Unravelling the mysteries of Artificial Intelligence

REINFORCEMENT LEARNING - Part 1

Robotics and AI- A Perfect Blend

Robotics and Artificial Intelligence has made a huge advancement in their respective fields. But the blend of Robotics and Artificial Intelligence have created some amazing stuff too. It doesn't seem far in future when robots can learn themselves what humans can, using Artificial Intelligence. This article is the first part of the series of three articles that would give us a peek into the future of robot learning and an introduction to Reinforcement Learning. By the end of part three an overview of creating a crawling robot that learns itself how to move in a particular direction will be given.

What is Reinforcement Learning?

The world seems to be full of Reinforcement Learning (RL) examples if we observe. A dog seems to fetch a ball faster when you reward it with affection or a bone. Children are happy to do their chores if rewarded with sweets or toys. Also, when behaving irrationally they might be punished. Similar concept works in the field of machine learning which is known as Reinforcement Learning. Reinforcement Learning involves an agent interacting with the environment, getting positive or negative rewards(also known as punishments) for its actions and learning to maximise its rewards.

Reinforcement Learning Concept

Every agent in the environment has number of attributes which contributes towards solving the reinforcement learning problems.
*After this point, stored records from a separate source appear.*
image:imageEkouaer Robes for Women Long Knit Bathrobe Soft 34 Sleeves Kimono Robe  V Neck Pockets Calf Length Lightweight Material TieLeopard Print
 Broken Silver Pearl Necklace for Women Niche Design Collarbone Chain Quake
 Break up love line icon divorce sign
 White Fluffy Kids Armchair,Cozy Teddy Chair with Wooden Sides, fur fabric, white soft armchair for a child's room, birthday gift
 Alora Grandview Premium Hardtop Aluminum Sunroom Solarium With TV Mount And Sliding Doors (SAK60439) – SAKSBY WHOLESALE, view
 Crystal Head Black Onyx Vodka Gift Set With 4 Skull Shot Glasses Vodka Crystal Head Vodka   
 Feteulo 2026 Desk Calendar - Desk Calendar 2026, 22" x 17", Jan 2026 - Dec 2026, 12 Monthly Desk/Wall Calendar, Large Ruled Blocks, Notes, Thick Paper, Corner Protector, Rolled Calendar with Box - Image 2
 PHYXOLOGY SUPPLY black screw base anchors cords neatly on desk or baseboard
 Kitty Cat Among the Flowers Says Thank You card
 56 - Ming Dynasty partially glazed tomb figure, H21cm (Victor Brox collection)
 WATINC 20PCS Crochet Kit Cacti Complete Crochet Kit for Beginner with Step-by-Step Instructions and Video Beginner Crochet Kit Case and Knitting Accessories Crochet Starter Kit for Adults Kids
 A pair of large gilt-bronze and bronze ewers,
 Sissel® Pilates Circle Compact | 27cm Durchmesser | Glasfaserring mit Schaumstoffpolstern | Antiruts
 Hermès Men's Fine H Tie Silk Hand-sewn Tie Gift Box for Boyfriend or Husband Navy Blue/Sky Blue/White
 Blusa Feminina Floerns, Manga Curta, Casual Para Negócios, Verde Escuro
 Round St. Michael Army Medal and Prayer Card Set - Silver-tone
Some of them are as follows:

States:

A state of an agent determines the position of the agent at a particular time. States in current time are known as current state, and in future time are known as future states. Current states is denoted by "s" and next state is denoted by "s' ".

Actions:

When the agent is in a particular state and tends to move to other states it can do so by taking various actions. Depending on actions taken it lands into respective states. Action is denoted by "a".

Transition Probabilities:

When moving from state "s" to " s' " , by taking an action "a", there is a probability of actually arriving to the intended state. As sometimes in the real world problems there is a possibility that even after taking the particular action to move forward, the agent might not end moving forward.

Rewards:

It is a scalar value that you get for being in a state. Reward can be represented in three ways - reward for being in a state is R(s), reward for being in a state and taking an action is R(s,a), and reward for being in a state taking an action and moving to a particular next state is R(s,a,s'). Negative rewards are also known as punishments.

Discount Function:

As the agent moves in different states it calculates the rewards that it might get in the future when it moves to the next state. These future rewards are discounted compared to the present rewards. As the states are further in future the discount function is larger. The total amount of rewards depending on each state and actions are calculated by the term pay off. It is denoted by gamma (γ).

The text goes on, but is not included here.